Um outro argumento do digno par é que a doutrina que estabelece o codigo civil, é a que deve estar em vigor; mas este codigo que trata apenas dos direitos civis, não póde ser applicado aos direitos politicos, que são tratados na carta constitucional, e muito menos póde revogar uma disposição de um artigo constitucional, porque isso só é permittido ás côrtes constituintes.
Disse tambem o illustre relator da commissão, que leis iguaes a estás se estão discutindo em outros paizes; mas o que não disse, é se este ponto se considera materia constitucional n'esses paizes, porque se fosse considerado tal, não se discutiria senão em conformidade com a constituição, porque lá fóra não se tratam assumptos tão serios e graves pela fórma por que nós os tratâmos, desprezando a constituição.
Quando me referi ao modo como os eleitores exercem o seu direito, eu só quiz mostrar que, pelo systema da eleição directa, elles não tinham, tanta independencia, nem tanto conhecimento de causa; e que, olhando ao estado de progresso em que está o paiz, se devia recorrer ao systema indirecto; e disse tambem que se poderia obter esta mudança sem côrtes constituintes, visto que se estava fazendo uma nova lei eleitoral contraria aos principios consignados na carta.

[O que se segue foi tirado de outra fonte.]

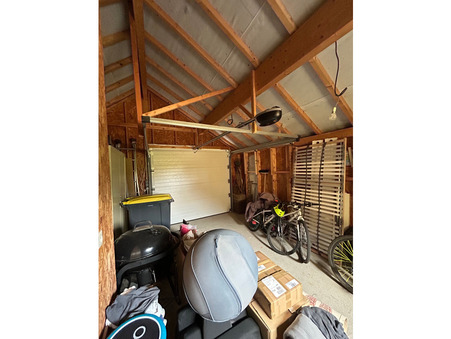 A vendre maison St Martin en Bresse 71620; 269 000 € 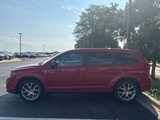Used 2018 Dodge Journey GT image 2
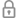 Safty Lockers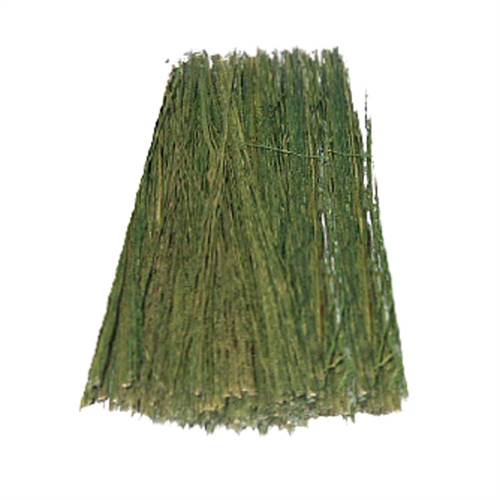 Dark Green Field Grass (15g)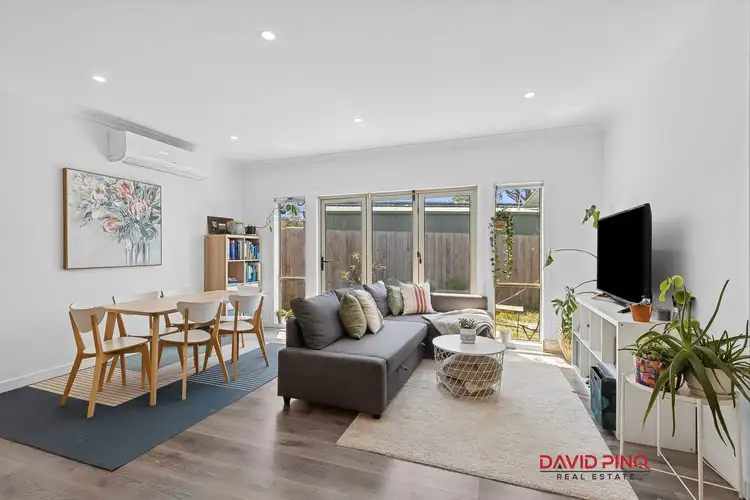 Fourth view of Homely unit listing, 3/42 Mahoneys Road, Riddells Creek VIC 3431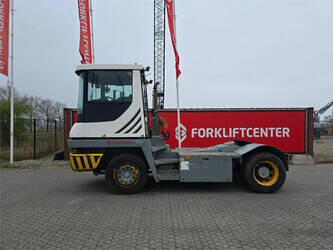 2014-terberg-tt223-1406507-45008824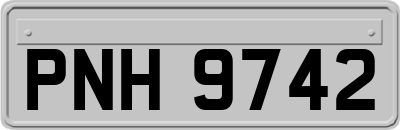 PNH9742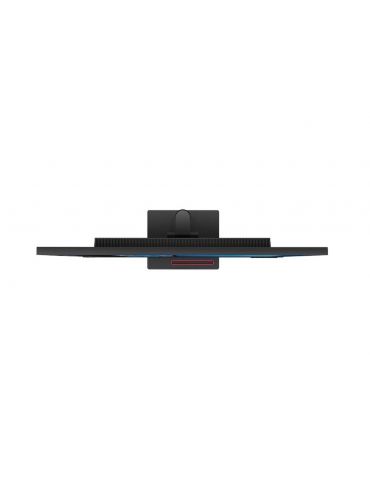 Lenovo ThinkVision T32p-20 80 cm (31.5") 3840 x 2160 Pixel 4K Ultra HD LCD Negru Lenovo - 7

Sr. presidente, vou mandar para a mesa uma proposta, que julgo altamente importante.
Já que o governo não apresentou n'este projecto de lei nenhumas garantias para manter o direito dos candidatos, nem estabeleceu penas para as auctoridades que interferissem, visto o governo facultar candidatos officiaes, vou ao menos propor que junto de cada mesa eleitoral os candidatos possam ter um representante seu, para evitar que as eleições sejam falsificadas.
Esta proposta justifica-se com diversos factos, entre os quaes figura um a que eu assisti, e que é o seguinte:
Um presidente de uma assembléa eleitoral mandou sair da casa da camara, em que se fazia a eleição, os individuos empenhados em que ella não se falsificasse. Saíram, e a urna foi immediatamente substituida por outra, com outras listas.